Saturday morning was rainy and chilly, so I decided to use my Sydney Living Museum pass and check out two other museums located near Circular Quai. The closest, which is only open on the weekends, was the Justice and Police Museum.
I figured it would be a quick walk through but ended up taking a guided tour, which gave life to the old building and cases that were discussed. My favorite room was the old front room of the police station, redone as it might have been in Victorian Sydney. I half expected to see Constable Collins from the Miss Fisher’s Murder Mysteries step into the room!
As it was still raining a bit, I visited the Museum of Sydney that was just up the road. Compared to the other two living museums, this museum just felt a bit slight. There wasn’t much there. Historically, the site is important, but the other museums do a better job of bringing the past to life.

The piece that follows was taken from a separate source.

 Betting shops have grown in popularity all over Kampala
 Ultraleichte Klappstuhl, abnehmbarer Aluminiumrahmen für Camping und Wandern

The rain having stopped, I headed over to the Rocks, as I needed to stop by the Visitors Center and also needed some lunch. Lunch actually became tea as I stumbled across the Tea Cosy, which stated that it had the best scones in Sydney. I don’t know if they’re the best – I haven’t completed the experiment yet! – but they were piping hot and tasty.
After completing my errands, I figured I might as well visit the last museum that was part of the Sydney Living Museums pass, the Susannah Place Museum. This museum, similar to the Tenement Museum in New York, showcases rooms furnished in a historic manner in the setting of an old building that has not been restored, but rather left to show the changes and layers of time. It’s an archeological site of social history, if you will. For example, one kitchen floor was peeling so that you could see the layers of newspaper under lino that had been placed there as insulation.
Susannah Place is very special, in that these buildings are 170 years old (built in 1844) and pretty much at least one if not all of the residences were occupied until it became a museum. For a young country like Australia, that is a large portion of its European (as opposed to indigenous) history. (It’s been interesting and a little odd being in a nation younger than my own – I am so used to traveling places that have a long and storied history of nationhood.)
I took another free walking tour, this one of the Rocks, and then wandered about admiring the displays for Vivid. Vivid is a several week long festival part of which centers around light displays around various parts of the Harbor and CBD. The Opera House had about a 20 minute loop where the sails transformed into one magical landscape after another, a bright end to a grey day.